30 Sep

Ile de France: de premières vendanges prometteuses depuis l’obtention de l’IGP

Encouragés par le dérèglement climatique, des vignerons ressuscitent la filière viticole en Ile-de-France, grâce notamment au label « Indication géographique protégée » (IGP), obtenu en mai, qui leur permet de vendre une production locale encore embryonnaire sur un marché très concurrentiel.

Image d’illustration © JPS

Un samedi de septembre, Jean-Michel Bourgoin vendange avec famille et amis le fruit de « trois ans de labeur », de la plantation des vignes sur ce terrain de Blunay (Seine-et-Marne) jusqu’à la récolte des premières grappes. Cet hectare et demi de ceps avoisine les coteaux que possédait sa grand-mère, dont les dernières vignes ont disparu en 1992. Le paysagiste de 52 ans évoque avec nostalgie « la petite vigne familiale », les paysages de son enfance et ces « vins que s’échangeaient les anciens ».
Un peu plus loin, Patrice Bersac, président du syndicat des vignerons d’Ile-de-France, goûte consciencieusement le jus violacé d’un Merlot à venir et s’enthousiasme de ces « siècles d’Histoire qui sont en train de renaître ». Car l’Ile-de-France viticole historique, « territoire plus grand que l’Ile-de-France administrative », a longtemps été le plus vaste vignoble de France, narre le responsable.
Né à l’époque romaine, il a commencé à décliner au XIXe siècle; l’oïdium, le mildiou, le phylloxéra, la guerre de 70, l’urbanisation des terres et la concurrence des vins du Sud ont eu raison des quelque 40.000 hectares de vignes franciliennes. Les viticulteurs ont donc vendu leurs parcelles et le paysage rural en a été transformé.
 
PRECIEUSE IGP
Depuis vingt ans, quelques passionnés, dont Patrice Bersac, tentent de restaurer ce vignoble, parcelle par parcelle.

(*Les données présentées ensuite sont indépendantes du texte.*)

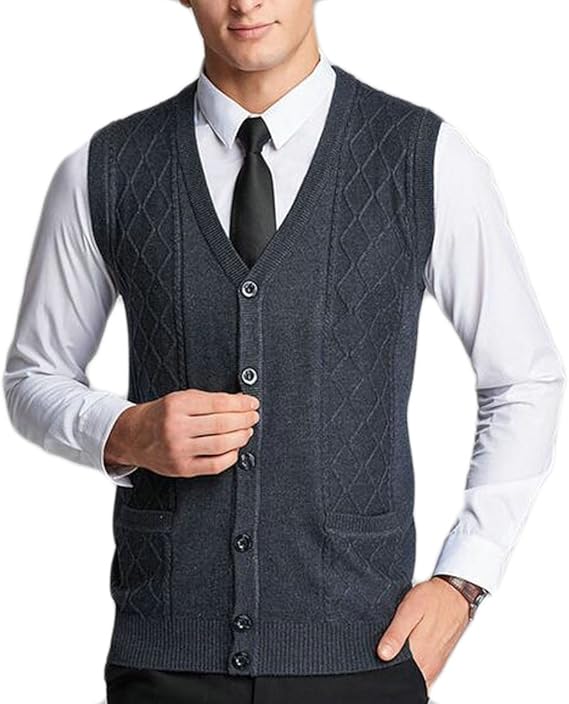 GAGA Mens Stylish V Neck Sleeveless Button up Knit Sweater Vest Amazon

Objectif « modeste » du syndicat qui fédère actuellement une soixantaine de vignerons: reconquérir 1.000 hectares à l’horizon 2030.
Ainsi, en mai 2020, les vins d’Ile-de-France obtiennent l’indication géographique protégée (IGP) – anciennement « vins de pays » auprès de l’institut national des appellations d’origine (INAO). Cette reconnaissance garantit « la qualité », « l’origine », « les pratiques » mais aussi « une présence et une notoriété fortes » à l’échelle européenne, se réjouit Louis-Victor Charvet, expert du guide des vins Bettane+Desseauve.

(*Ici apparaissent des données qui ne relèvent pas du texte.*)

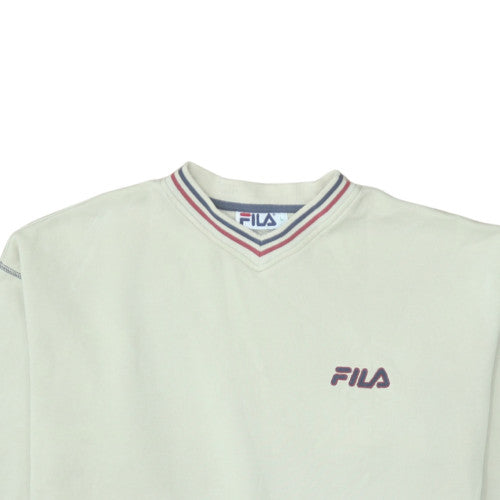 FILA Men's White Retro V-Neck Logo Pullover Sweatshirt L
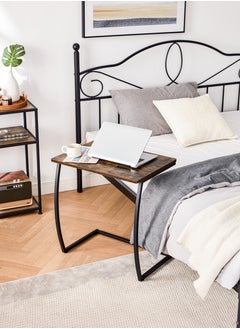 LINSY LINSY - Sofa Side End C Table, Mini Laptop Desk, Couch Table For Coffee, Snack, 56.8 L*35 W*62 H cm, Brown, Easy To Assemble  - Image 1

Elle permet également aux vignerons de vendre leur production à un meilleur prix, note Antoine De Clermont-Tonnerre. Une stratégie judicieuse alors que les coûts de production augmentent, constate ce conseiller viticole. Sur un marché fortement concurrentiel, « la France doit faire le choix de la production qualitative », argue-t-il. Les vignerons espèrent que l’attrait des consommateurs franciliens pour une IGP locale leur permettra de juguler le recul global de la consommation de vin, divisée par deux en 50 ans à l’échelle nationale, explique M. Charvet qui souligne le « très bon rapport qualité-prix de l’IGP ».

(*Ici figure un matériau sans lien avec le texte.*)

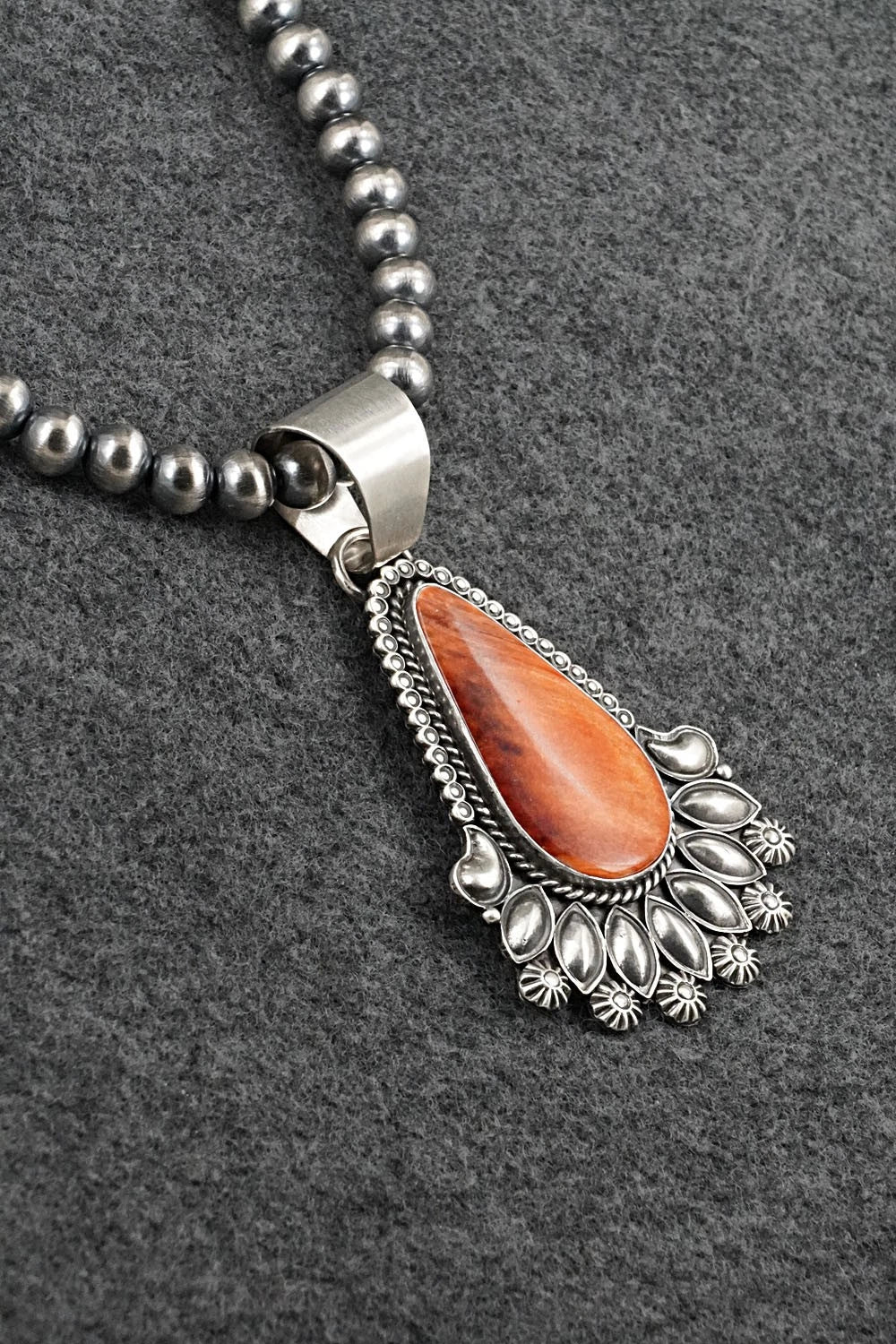 Spiny Oyster & Sterling Silver Necklace - Derrick Gordon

Encore discret, le vignoble francilien « a vocation à doubler ou tripler rapidement », estime l’expert. Encadré par des labels, il peut même « redevenir un vignoble de premier plan ». Car si les terres franciliennes ne produisent pas des vins « d’une grande complexité », elles donnent naissance à des « vins de qualité et supérieurs », rassure Louis-Victor Charvet. 
Un ensoleillement plus important et des températures plus élevées: le réchauffement climatique profite aux vignerons franciliens qui parviennent à une meilleure maturité du raisin et des vins plus sucrés, explique l’expert. Les aléas (gel, précipitations, etc.) qui en découlent sont rapidement évacués par Antoine De Clermont-Tonnerre: « C’est le métier du vigneron de s’adapter ». Grâce à ce climat « exceptionnel », Jean-Michel Bourgoin n’a fait subir aucun traitement chimique à ses six cépages, mais « ce ne sera pas toujours le cas », prévient Patrice Bersac.
Au pressoir, entourés de cuves sur lesquelles sont inscrits « Gamay », « Pinot noir », « Chardo », Patrice, Antoine et Jean-Michel dégustent le jus un peu laiteux des grappes fraîchement pressées. Après « 750 heures par an passées dans la vigne », les trois hommes ressentent « de la joie, de la fierté », avant la première bouteille de vin nouveau en octobre.